Шевалье
Шрифт:
– Да, моя госпожа, – ответил Даниэль, и Аннунсиата молча благословила его.
Приятно иметь дело со своими, хорошо обученными, умными слугами после стычки с бездельниками Мориса.
– Хорошо. Вот восемнадцать пенсов. Этого должно вполне хватить.
Ожидая возвращения Даниэля, Аннунсиата с удовольствием беседовала со своими внучками. Не заметно было, чтобы девочки значительно продвинулись в английском, и Аннунсиата постоянно возвращалась к итальянскому, чтобы ее лучше поняли. Алессандре минуло шестнадцать, она была темноволосая, с оливковой кожей и довольно невыразительными чертами, но с приятной улыбкой и ровными зубами. Джулии было почти тринадцать и она превращалась в прелестную девушку с такими же темными волосами и глазами, как у ее единокровной сестры, но с белой кожей и нежными чертами. Она была живее Алессандры, которая боготворила свою младшую сестру и заботилась о ней
Упоминание о пении совершенно естественно привело их к тому, что поглощало и восхищало их больше всего – к присутствию в Лондоне Дианы ди Франческини, чье имя – Божественная Диана, – становилось известным всему Лондону. Она спела в Опере перед самим герцогом Ганноверским, сообщили они Аннунсиате, и он принял ее при дворе с большой любезностью.
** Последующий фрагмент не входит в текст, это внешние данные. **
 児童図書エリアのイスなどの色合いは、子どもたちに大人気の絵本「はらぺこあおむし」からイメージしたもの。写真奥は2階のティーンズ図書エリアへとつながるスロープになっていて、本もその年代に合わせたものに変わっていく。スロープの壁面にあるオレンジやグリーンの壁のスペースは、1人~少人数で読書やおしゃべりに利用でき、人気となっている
Аннунсиата слушала с интересом, отчасти из-за их очевидной влюбленности в молодую женщину, которой они служили как добровольные рабыни все свое детство, отчасти из-за их осторожного способа, которому либо Морис, либо учитель-иезуит научил их высказываться о курфюрсте, показывая свое уважение, но не называя его королем.
– Папа пишет песни для Дианы, – с гордостью рассказывала Алессандра под конец длинного описания платья Божественной Дианы, которое она надела на концерт перед курфюрстом, – и она должна петь их при дворе для принцессы Каролины. Папа говорит, что я могу пойти, а Джулия еще слишком молода.
Она с сожалением посмотрела на свою младшую сестру.
– Мне хотелось, чтобы ты пошла, Джулия. В самом деле. Ты красивее, чем я.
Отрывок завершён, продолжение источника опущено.